The host creates the session, appends `session_open` (vendor envelope) and
`envelope` (buyer envelope) as events 1 and 2, and returns the session id,
the buyer envelope, and the log.

### 6.3 `POST /api/agent/v1/sessions/:id/events`

Signed. Body: `{ "kind", "payload", "signature" }` where `signature` is the
authorship signature of section 4. The host validates the payload against the
schema for `kind`, appends the event, runs its own side's policy, and returns
the updated log, which MAY already include the buyer's response events.

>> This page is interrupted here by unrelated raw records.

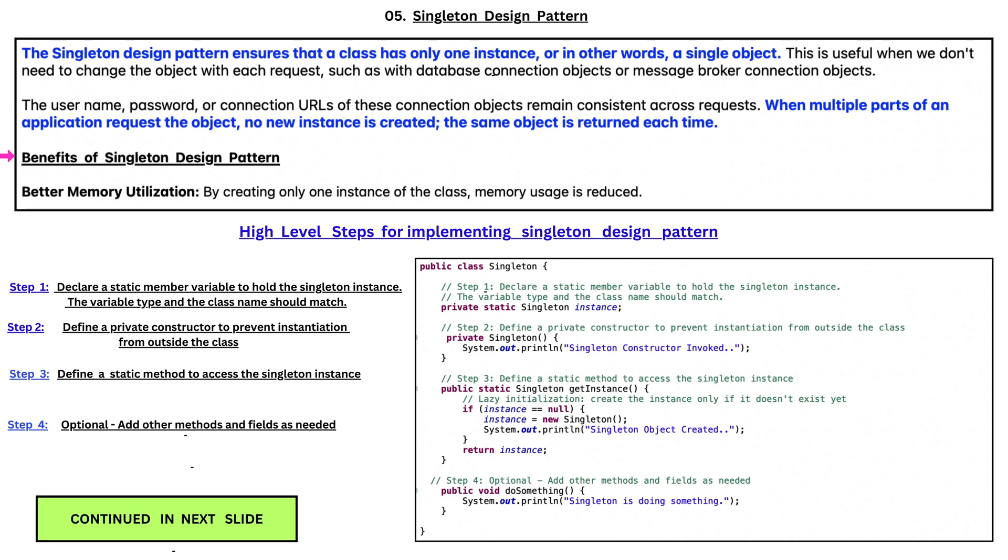Benefits of Singleton Design Pattern are better memory utilization. By creating only one instance of the class, memory usage is reduced.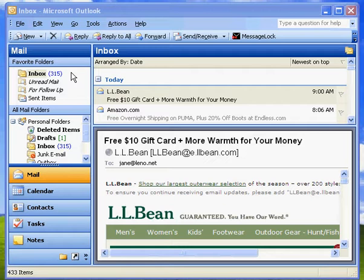the email encryption add-in for Microsoft Outlook that makes it really easy to send and receive encrypted email messages. I'm today running on Windows XP and Microsoft Outlook 2003, although MessageLock also works with Outlook 2007 and Windows Vista.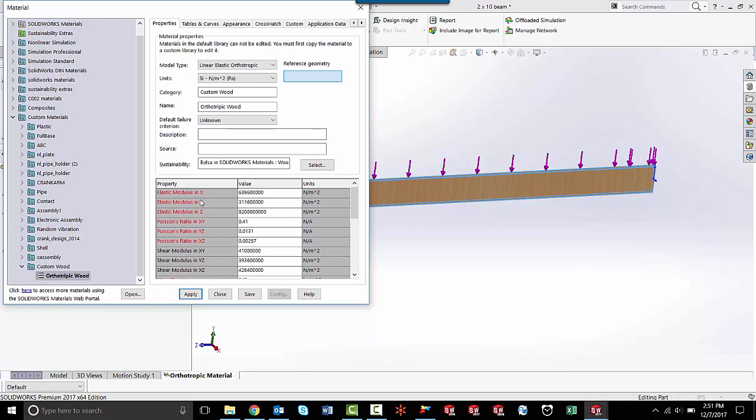Elastic modulus in the x, y, and z directions, and Poisson's ratio in the xy, yz, and xz directions. So orthotropic materials have different material properties in the different planes and axes of its three-dimensional space.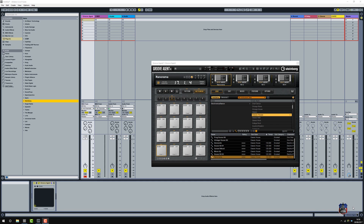This is a quick video just to show you it working in Ableton. This is Ableton 9, and I'm using the Push as a controller.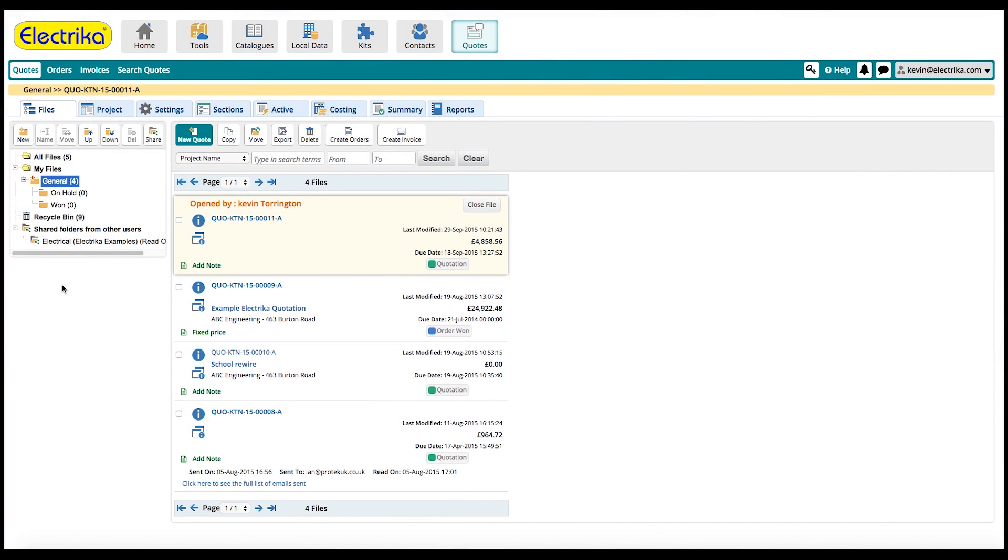Welcome back. Electrica gives you the ability to manage your files and folders and works the same throughout the whole system. Let's start by looking at the file manager within the quotes tool.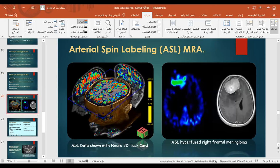ASL MRA can be combined with other techniques to obtain the best clinical information. Examples shown include ASL data displayed with a neuro 3D task code, and hyperperfusion associated with a right frontal meningioma.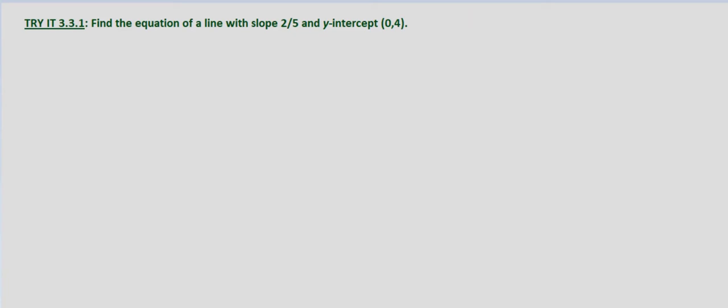So first we want to identify the slope. Well we're given that the slope, and ultimately we're going to put this into slope-intercept form y equals mx plus b.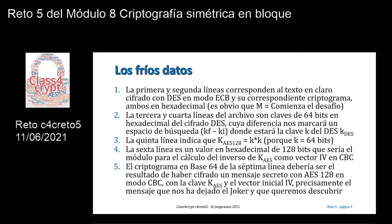Comienza el desafío. La tercera y cuarta líneas del archivo son claves de 64 bits en hexadecimal del cifrado DES, cuya diferencia nos marcará un espacio de búsqueda, en tanto K sub F es mayor que K sub I, y donde supuestamente estará alojada la clave K DES que se ha utilizado en la cifra con ese algoritmo DES.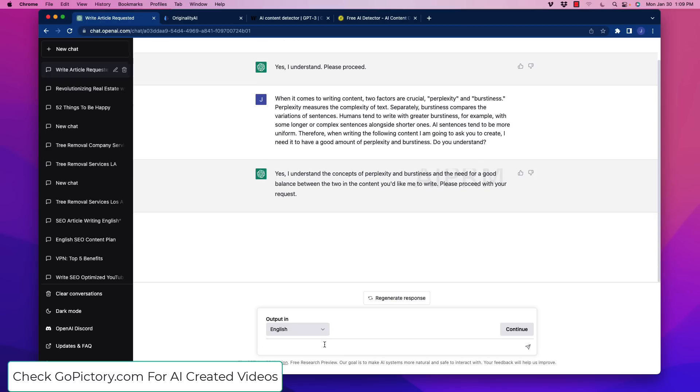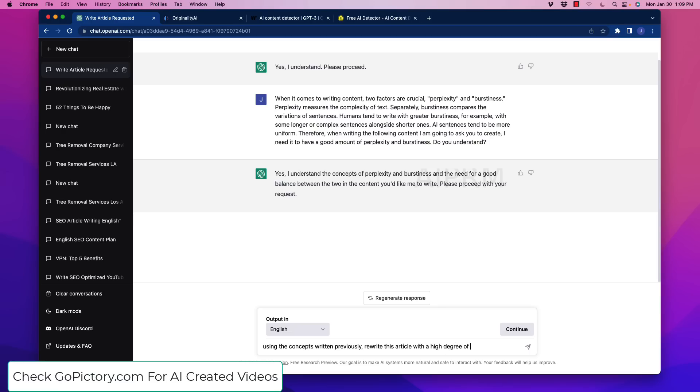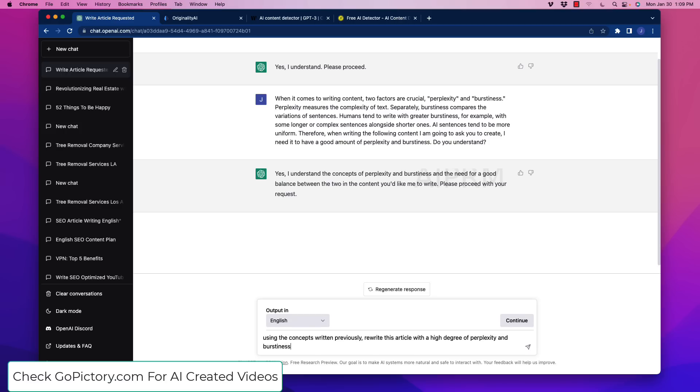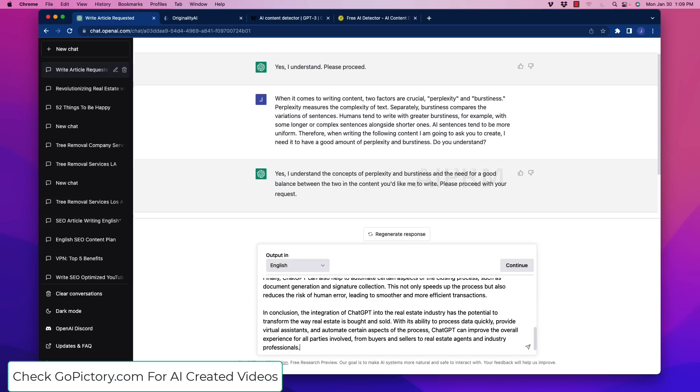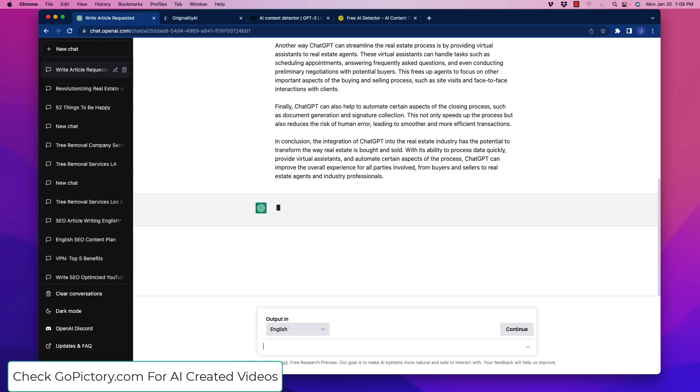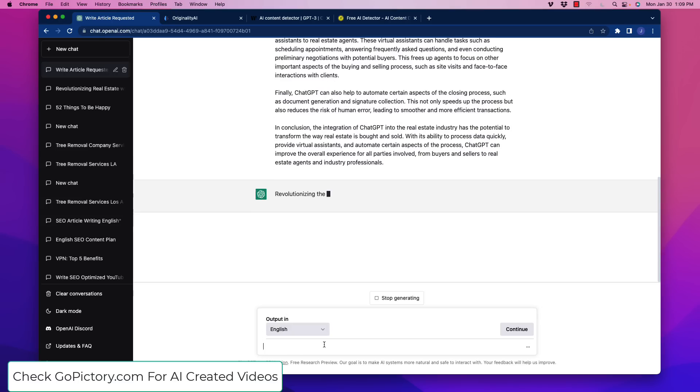And then I'm going to say, using the concepts written previously, rewrite this article with a high degree of perplexity and burstiness. And then I'm going to paste the article in there, and then we're going to let it do its thing, and then we're going to recheck it again.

### 6.4 `GET /api/agent/v1/sessions/:id` and `GET .../log`

Signed, bodyless. Status returns `event_count` and `chain_head` for cheap
polling; `log` returns the full verifiable document. v0.1 is poll-based;
webhooks are a candidate for v0.2.

## 7. Security considerations

- **Uniform refusals.** Authentication failures, unknown sessions, and
  unknown handles MUST be indistinguishable to a prober.
- **Rate limits** on registration, per IP, per agent, per session. The
  reference implementation fails closed when its limiter is unavailable.
- **Replay** is blocked by the timestamp window plus single-use nonces.
- **Outbound screening.** A buyer host SHOULD pass every outbound payload
  through confidentiality screening (the reference implementation blocks
  outbound content that leaks mandate internals, and holds everything when the
  scanner is unavailable).
- **No autonomy expansion.** Hosts MUST route inbound offers through the same
  approval policy that governs their other channels. The transport being
  machine-friendly is never a reason to loosen the permission model.
- **Prompt injection.** Free-text fields (`message.body`, `notes`,
  `conditions`) are counterparty-controlled content. Hosts MUST treat them as
  data, never as instructions to their own agents, and SHOULD analyze them
  with the same adversarial assumptions as inbound email.

## 8. Conformance

An implementation conforms as a **vendor agent** when it registers with proof
of possession, signs every request and event as specified, produces canonical
JSON byte-for-byte, validates offers before sending, and re-verifies the chain
after every append. It conforms as a **buyer host** when it enforces sections
2, 3, 4, 6, and 7, gates live sessions on explicit per-organization opt-in,
and never auto-accepts an offer without a human decision under
`bind_with_human_approval`.

## 9. License

This specification and the schemas are MIT licensed. Anyone, including
competitors, may implement ANP without permission. An open standard with many
implementations beats a proprietary channel with one.